── DATA PROVIDED ──

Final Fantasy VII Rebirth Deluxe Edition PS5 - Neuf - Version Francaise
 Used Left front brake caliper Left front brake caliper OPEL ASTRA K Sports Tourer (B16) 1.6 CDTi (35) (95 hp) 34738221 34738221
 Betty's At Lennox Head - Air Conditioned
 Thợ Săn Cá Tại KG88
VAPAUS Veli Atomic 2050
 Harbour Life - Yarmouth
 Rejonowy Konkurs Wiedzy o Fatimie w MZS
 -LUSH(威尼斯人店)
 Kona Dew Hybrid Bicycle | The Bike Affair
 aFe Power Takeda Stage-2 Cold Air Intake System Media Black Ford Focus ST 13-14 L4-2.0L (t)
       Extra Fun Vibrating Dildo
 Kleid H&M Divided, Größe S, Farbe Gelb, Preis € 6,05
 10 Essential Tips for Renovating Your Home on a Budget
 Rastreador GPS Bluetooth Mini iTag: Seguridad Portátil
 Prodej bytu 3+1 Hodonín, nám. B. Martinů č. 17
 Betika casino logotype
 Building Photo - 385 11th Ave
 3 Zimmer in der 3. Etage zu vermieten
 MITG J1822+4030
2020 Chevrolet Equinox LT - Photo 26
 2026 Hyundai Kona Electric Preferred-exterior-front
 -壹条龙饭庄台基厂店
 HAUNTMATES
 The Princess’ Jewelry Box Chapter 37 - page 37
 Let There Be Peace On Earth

───

EXERCISE INSTRUCTIONS = Print, please, the lines from the first line of the material through the line that contains "Kona Dew Hybrid Bicycle | The Bike Affair", exactly as written and with nothing added.

ANSWER BELOW =
Final Fantasy VII Rebirth Deluxe Edition PS5 - Neuf - Version Francaise
 Used Left front brake caliper Left front brake caliper OPEL ASTRA K Sports Tourer (B16) 1.6 CDTi (35) (95 hp) 34738221 34738221
 Betty's At Lennox Head - Air Conditioned
 Thợ Săn Cá Tại KG88
VAPAUS Veli Atomic 2050
 Harbour Life - Yarmouth
 Rejonowy Konkurs Wiedzy o Fatimie w MZS
 -LUSH(威尼斯人店)
 Kona Dew Hybrid Bicycle | The Bike Affair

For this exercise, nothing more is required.